A new smartphone app for Jewish heritage in Chania, Crete — including the Etz Hayyim synagogue — has been developed and will soon be available for IOS and Android platforms.
The app is the third in a series of travel apps for Jewish heritage in Greece, following apps for Thessaloniki and Ioannina, that have been developed by the Stavros Niarchos Foundation Centre for Hellenic Studies at Simon Fraser University. The Chania app was developed by the Foundation’s New Media program with the support of the Embassies of Canada and Israel and in collaboration with the Etz Hayyim Synagogue.
It was officially presented on June 14th at the Etz Hayyim Synagogue. In attendance were members of the Greek Jewish Community, representatives of the Canadian and Israeli Embassies, and local personalities.
At the presentation, Julie Crôteau, the Chargé d’Affaires of the Embassy of Canada in Greece, Julie Crôteau, said, “This free tourist application will constitute an important tool, allowing users immediate access to the rich history of the Jewish community of Chania and Crete.”
The Etz Hayyim synagogue was originally a church, built in the 15th century by the Venetians and dedicated to St Catherine. Conversion of the building took place in the 17th century, re-using parts of the older building and adding a barrel-vaulted mikveh. Prominent rabbis are buried in stone sepulchres around the courtyard.
The synagogue remained in use until 1944, when the Nazis deported the community’s 263 Jews. The ship on which they were carried, which was presumably en route to a death camp, was torpedoed and sunk by a British submarine, killing all its passengers. The synagogue was desecrated shortly afterwards.

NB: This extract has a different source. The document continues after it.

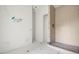 Bathroom featuring a tiled shower stall and rough-in plumbing at 3207 N Florida Ave # 1, Tampa, FL 33603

After fifty years of neglect, Etz Hayyim was selected in 1994 by the World Monuments Fund (WMF) as one of 100 endangered sites across the world, and as an initial project of WMF’s Jewish Heritage Program. The building’s conservation began in 1996 under the direction of Dr. Nikos Stavroulakis, and the synagogue was rededicated in 1999. Since then, the synagogue has been developed as a religious and cultural center, including a reference library and is also used for worship.